__AIM OF THE EXERCISE__
None of the images should appear in your copy. Transcribe the data in full.

TASK MATERIAL START

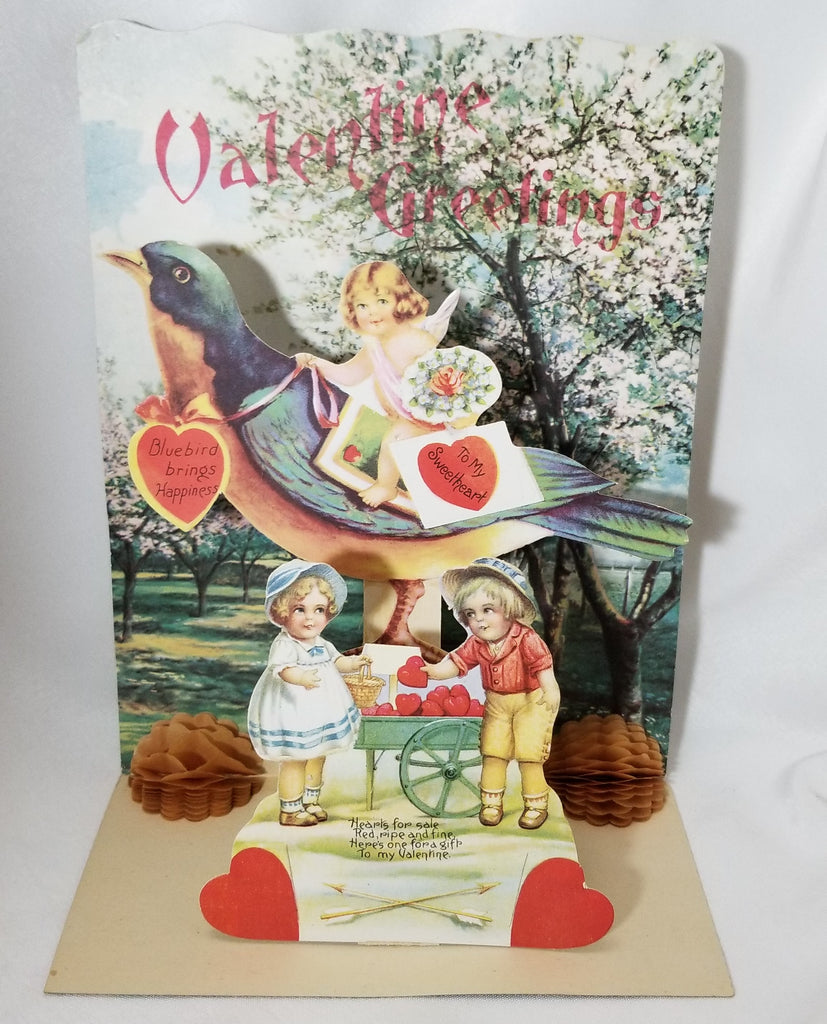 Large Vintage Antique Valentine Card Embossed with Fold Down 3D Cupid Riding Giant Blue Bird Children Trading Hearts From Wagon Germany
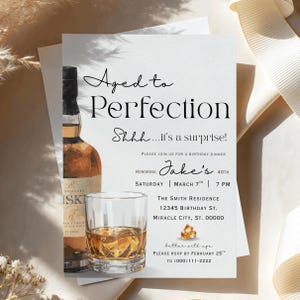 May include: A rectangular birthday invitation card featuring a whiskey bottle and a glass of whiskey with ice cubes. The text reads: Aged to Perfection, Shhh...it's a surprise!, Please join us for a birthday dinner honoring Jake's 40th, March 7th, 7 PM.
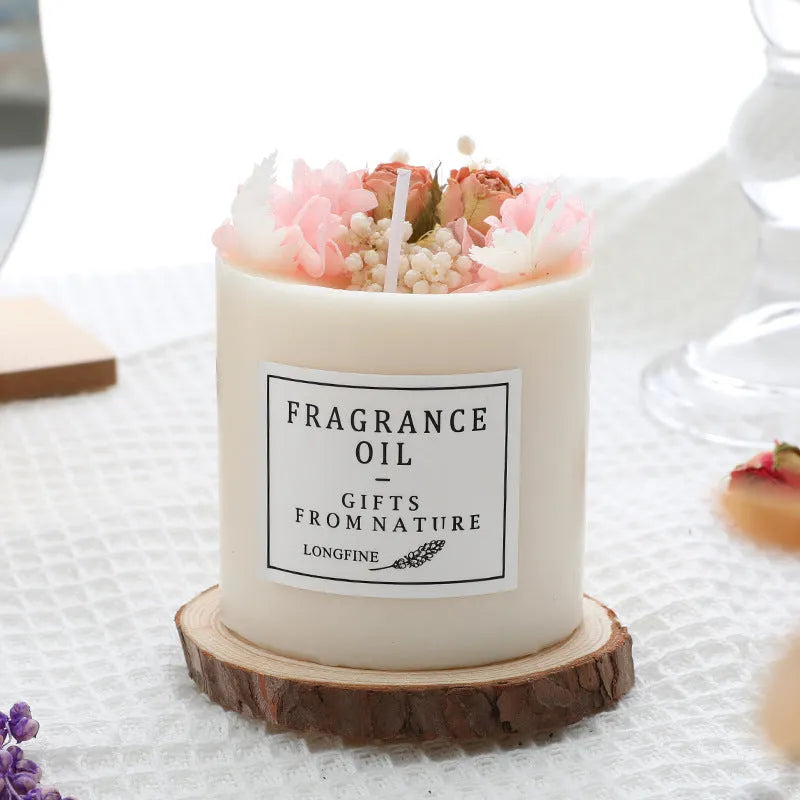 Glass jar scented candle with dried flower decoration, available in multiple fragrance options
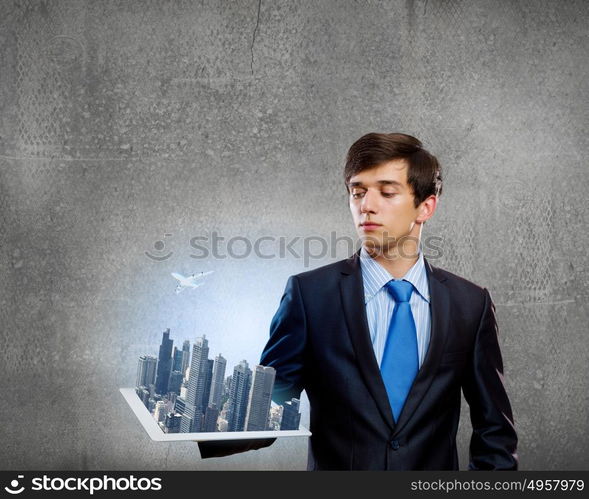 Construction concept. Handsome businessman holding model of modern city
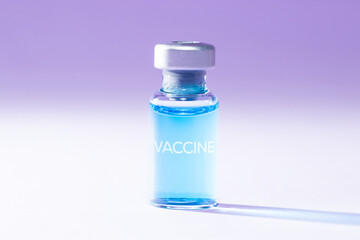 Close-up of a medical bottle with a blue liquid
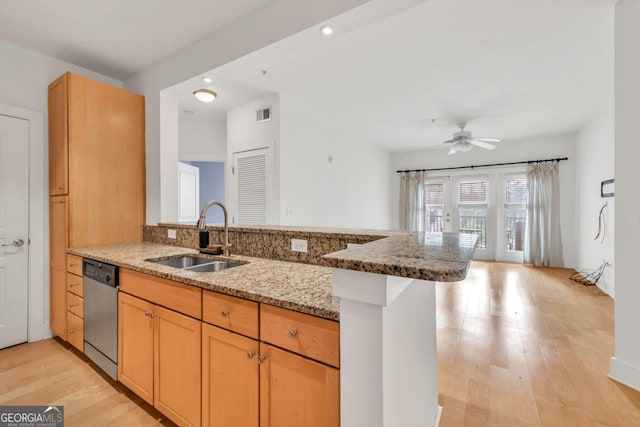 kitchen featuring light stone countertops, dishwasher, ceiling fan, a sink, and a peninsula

TASK MATERIAL END

__OUTPUT__
 Large Vintage Antique Valentine Card Embossed with Fold Down 3D Cupid Riding Giant Blue Bird Children Trading Hearts From Wagon Germany
 May include: A rectangular birthday invitation card featuring a whiskey bottle and a glass of whiskey with ice cubes. The text reads: Aged to Perfection, Shhh...it's a surprise!, Please join us for a birthday dinner honoring Jake's 40th, March 7th, 7 PM.
 Glass jar scented candle with dried flower decoration, available in multiple fragrance options
 Construction concept. Handsome businessman holding model of modern city
 Close-up of a medical bottle with a blue liquid
 kitchen featuring light stone countertops, dishwasher, ceiling fan, a sink, and a peninsula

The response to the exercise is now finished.